AFD-INSTRUCTION: A Comprehensive Antibody Instruction Dataset with Functional Annotations for LLM-Based Understanding and Design

Large language models (LLMs) have significantly advanced protein representation learning. However, their capacity to interpret and design antibodies through natural language remains limited. To address this challenge, we present AFD-Instruction, the first large-scale instruction dataset with functional annotations tailored to antibodies. This dataset encompasses two key components: antibody understanding, which infers functional attributes directly from sequences, and antibody design, which enables de novo sequence generation under functional constraints. These components provide explicit sequence-function alignment and support antibody design guided by natural language instructions. Extensive instruction-tuning experiments on general-purpose LLMs demonstrate that AFD-Instruction consistently improves performance across diverse antibody-related tasks. By linking antibody sequences with textual descriptions of function, AFD-Instruction establishes a new foundation for advancing antibody modeling and accelerating therapeutic discovery.

💡 Research Summary

AFD‑Instruction introduces a large‑scale instruction‑following dataset that explicitly aligns antibody sequences with functional natural‑language descriptions, enabling large language models (LLMs) to both interpret existing antibodies and generate new ones under user‑specified functional constraints. The authors first curated 4,305 antibodies from SabDab and the Protein Data Bank, ensuring sequence diversity through MMseqs2‑based distance calculations and balanced sampling. For each antibody they retrieved the associated publication and employed a three‑stage multi‑agent pipeline—Mr. Extractor, Dr. Mechanism, and Prof. Function—to automatically extract basic metadata, enrich it with mechanistic details, and synthesize a coherent functional narrative.

To transform these curated pairs into a training resource, the team applied a self‑questioning strategy. Seed prompts derived from the curated pairs were fed to a large language model to generate a wide variety of instruction‑response pairs covering both classification tasks (e.g., “Does this antibody neutralize IgE?”) and open‑ended reasoning tasks (e.g., “Explain the binding mechanism of this sequence”). The resulting instruction set exceeds 430,000 high‑quality examples.

Beyond understanding, the dataset includes function‑guided design instructions. Users can specify an antigen sequence and desired functional outcome using tags; the model is then asked to output either a full antibody sequence or a CDR3 region enclosed in tags that satisfies those constraints.

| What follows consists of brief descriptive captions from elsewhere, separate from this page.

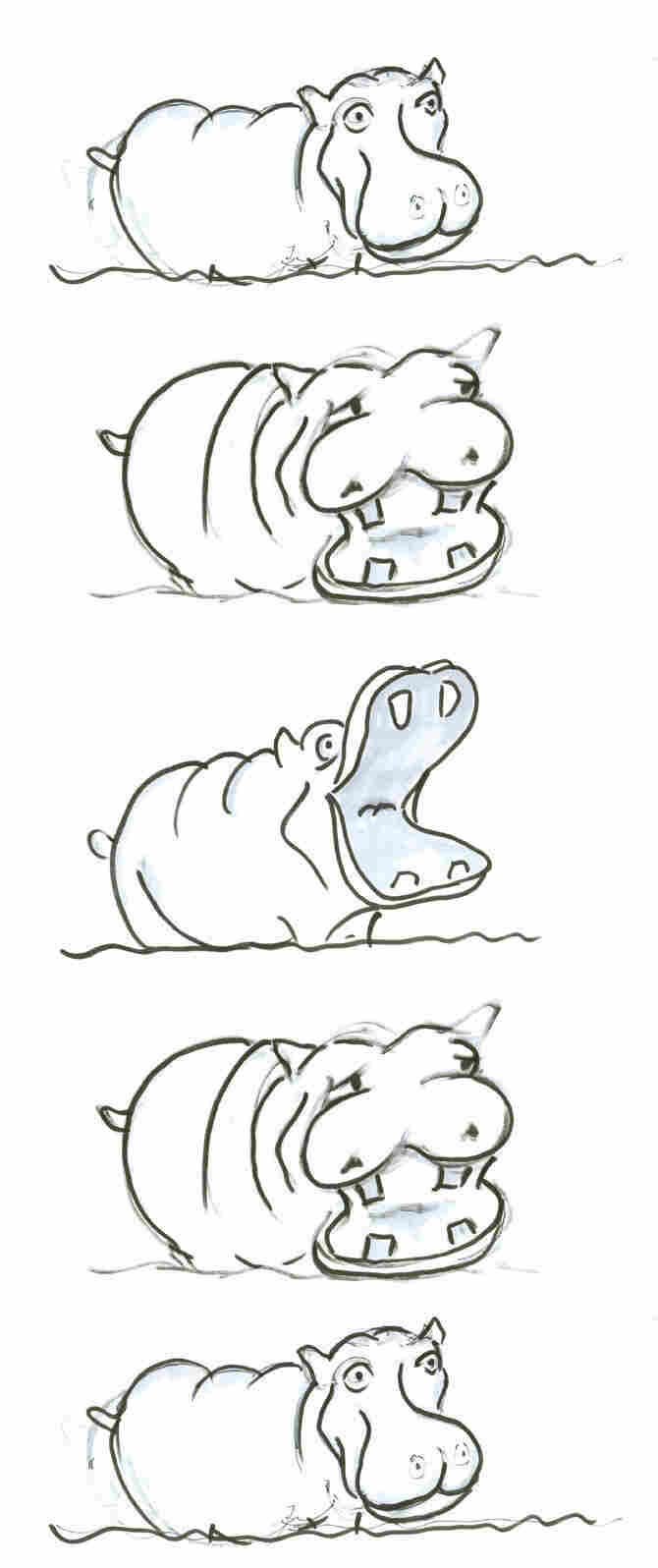 Hippo stack 2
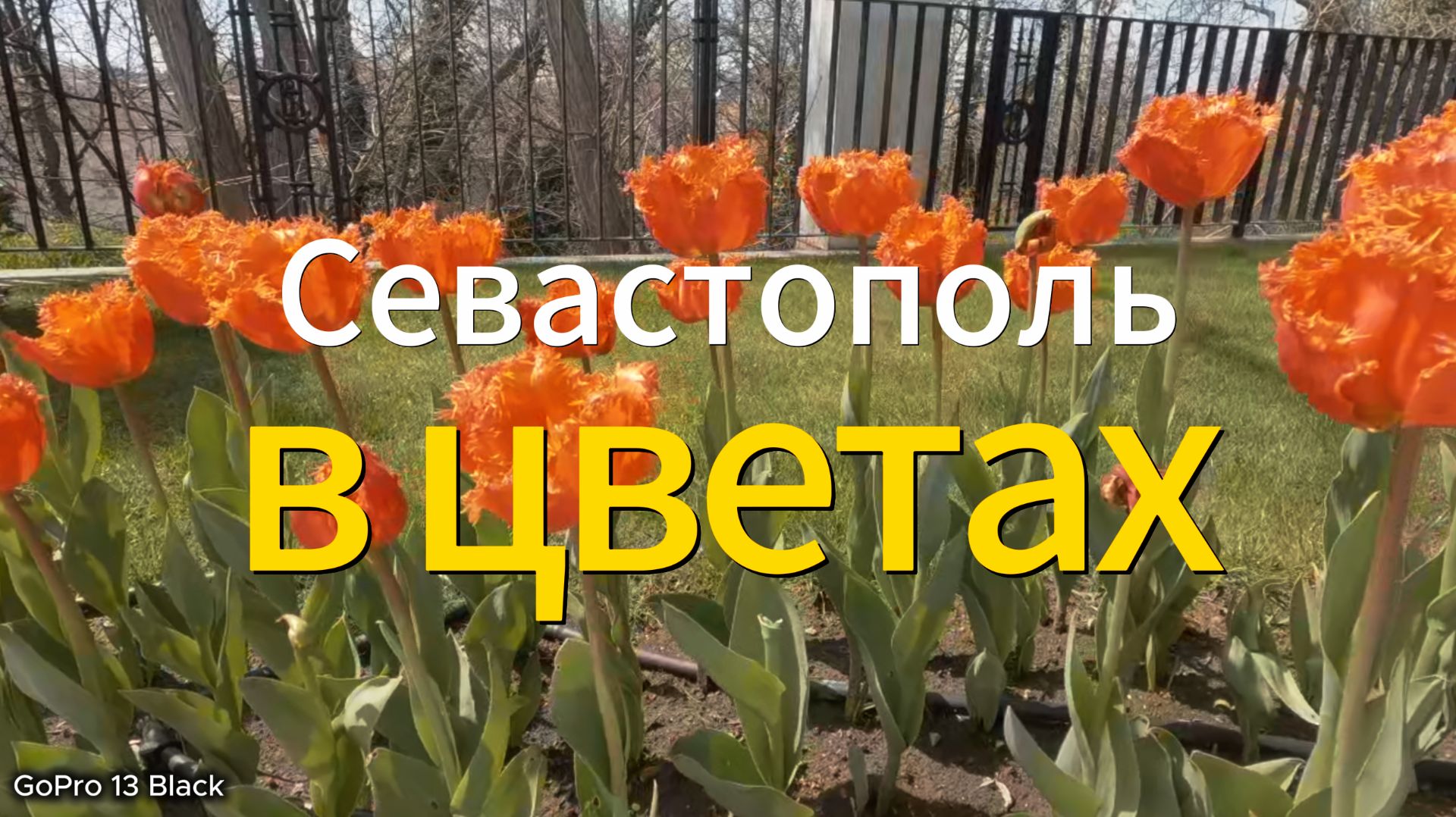 Севастополь в цветах
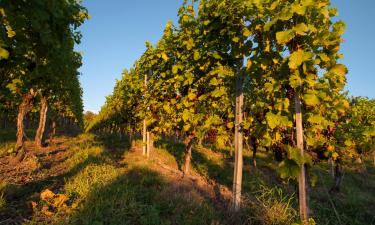 Hoteles con estacionamiento en Saint-Ouen-les-Vignes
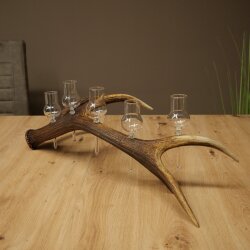 Schnapsanbieter 5 x kleine Gläser Steckglas mit Stiel auf Rothirschstange Geschenk 27.60.2.101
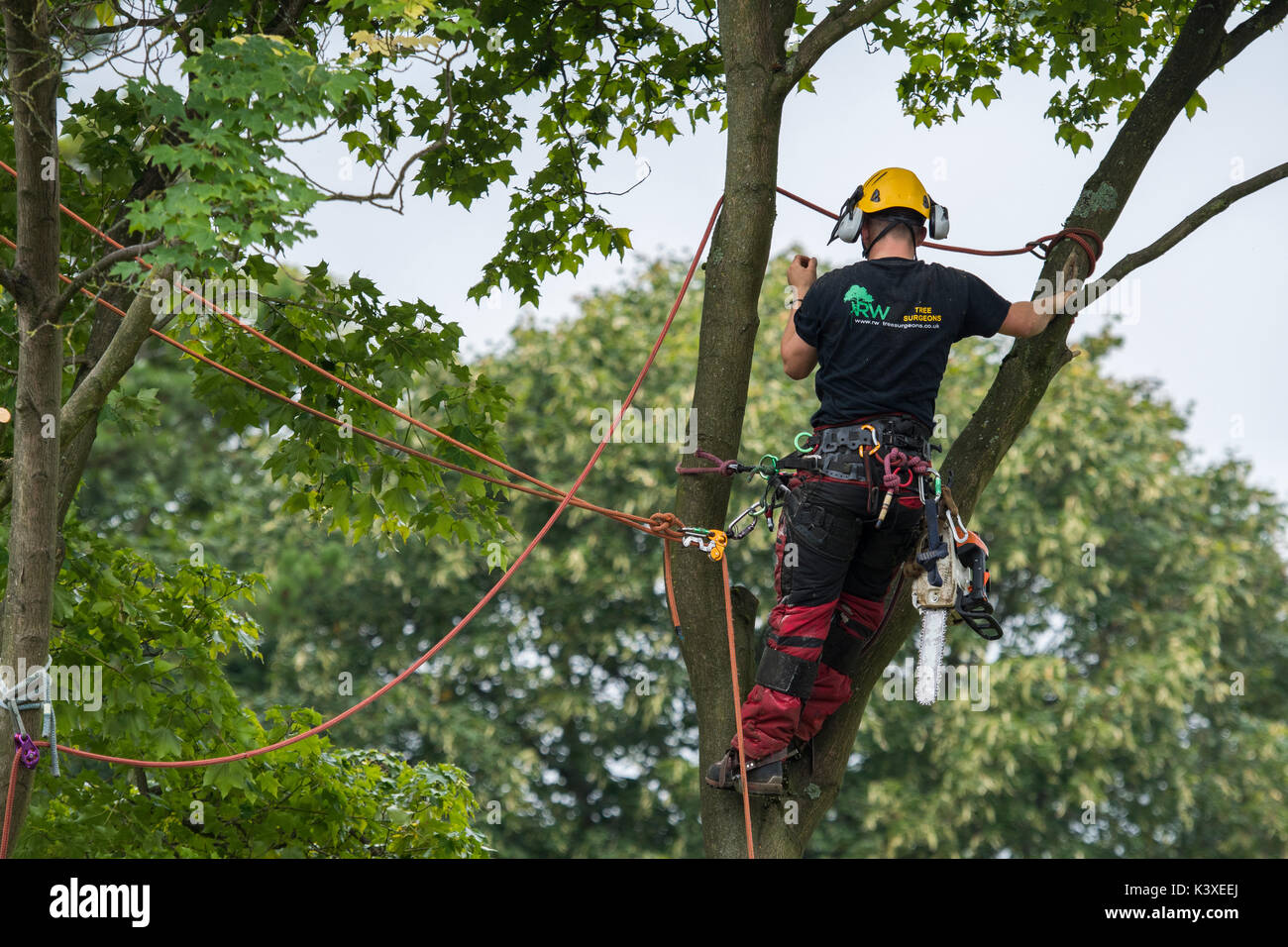 Tree surgeon working in protective gear, using climbing ropes for safety & with chainsaw, is high in branches of garden tree - Yorkshire, England, UK. Stock Photo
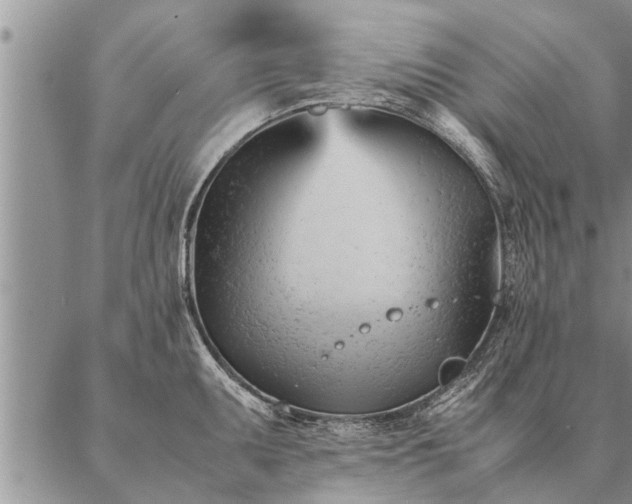 X0000087391095200704271616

A template‑based conversion path and biological plausibility filters (e.g., checking for structural consistency) were incorporated to prevent unrealistic designs.

Quality control combined automated integrity checks, duplication removal, semantic consistency verification, and expert review. Random samples (5 % of instructions) were double‑checked by independent experts, achieving a Cohen’s κ of 0.82, indicating strong inter‑annotator agreement.

The authors fine‑tuned several open‑source LLMs (Llama‑2‑7B, Qwen‑1.8B, etc.) on AFD‑Instruction and evaluated them on three fronts: (i) functional classification accuracy, (ii) quality of functional explanations measured by BLEU/ROUGE, and (iii) success of CDR3 design in meeting target affinity and specificity. Across all models, instruction‑tuned versions outperformed sequence‑only baselines by 8–15 percentage points, with especially notable gains in complex functional reasoning such as “blocking a specific ion channel” or “neutralizing a cytokine.” In design experiments, generated CDR3 sequences showed high correlation with experimentally measured affinities, and human expert assessments rated the designs as comparable to manually engineered candidates.

Limitations include a focus on human and mouse IgG1 antibodies, leaving non‑canonical formats (single‑domain antibodies, VHHs, bispecifics) under‑represented. Functional descriptions rely on literature summaries, so quantitative metrics like K_D values are sparsely annotated. Future work should expand the dataset to cover diverse antibody formats, integrate high‑resolution structural‑functional mappings, and close the loop with experimental validation to enable iterative design‑evaluate‑retrain cycles.

In summary, AFD‑Instruction provides the first comprehensive, function‑annotated instruction dataset for antibodies, bridging the gap between protein language models and natural‑language instruction following. By embedding functional supervision into LLM training, the work demonstrates that models can both explain antibody behavior and generate novel candidates guided by human‑readable functional goals, offering a promising route to accelerate antibody discovery and therapeutic development.